Monday, December 17, 2007

manhunter

michael mann is an american master & this is a wonderful film. i made the fatal error of seeing the 'red dragon' remake a few years back & 'manhunter' follows almost precisely the same plot line (tho mann excludes the emphasis on Blakean decryption that dominates the remake). already knowing the outcome of various investigative revelation scenes didn't much help in my appreciation of 'manhunter' as a geuinely 'scary' film, tho i'm sure it was at the time.

i love directors that basically riff on a theme. in this respect 'manhunter' as a title is interesting. it's probably the worst title of mann's career (& it appears as if it was changed at the last minute to encourage some box office attraction), but it has slight ramifications for the rest of mann's career. his best films (heat/the insider/miami vice) have him 'hunting' after the spirit of brilliantly talented 'men' who can only become the men they want or can become by sacrificing connections with the women in their lives. it is probably the principal fault of mann as a dramatist that his women characters consistenly threaten to become little more than angelic obstacles to the proper exercise of male vocations. but this is slightly unfair; diane venora's character in 'heat' delivers the key soliloquy of that epic, summarising all that is grotesque about husband pacino's lifestyle, & the women in 'miami vice' are as much 'players' of the hyper-cool undercover game as the male leads. at the level of character development, however, 'manhunter' is almost wholly about will graham's ability to suspend familial easefulness such that he might get back on the 'manhunt'. indeed, momentary sequences (such as an astounding close-up of graham's disturbed face interlaced with scenes of mother/son innocence) hint at the potential impossibility of any reconciliation between what graham 'does' for a living with any form of familial ambition.

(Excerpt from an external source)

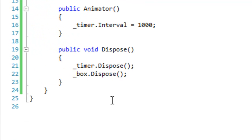I recommend using the IDisposable interface to dispose of your global IDisposable fields in your classes because it offers a lot of flexibility.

in 'heat' this impossibility is pronounced at the film's climax. de niro/pacino leave their respective women at the moment of potentially mending connection to conclude the 'hunt' once & for all (in pacino's case this instant is shown in a stunning, silent dash down a flight of steps). the 'hunt' ends in the only way it can, in a final shot suggesting perpetually combative asymmetry; one man dead, slouched, facing in one direction; the other holding the combatant's hand limply, facing in the opposite direction. what's fascinating is that 'manhunter' opens with exactly the same composition; two men sitting on a beachside log; will graham facing camera, his boss seated in the opposite direction attempting to coax him back into the 'male game'. all gestures at cross-connection are ultra-tentative; the boss's hand slides some photographs of the murder victims part-way across the pallidly fragile log, quasi-flirtatiously. the 'wife & son' arrive on the scene & an affair is delayed.

it's one of many examples (really, every scene is an example) of the stupendous suggestiveness of 'manhunter's' cinematography. i'll get to that soon enough.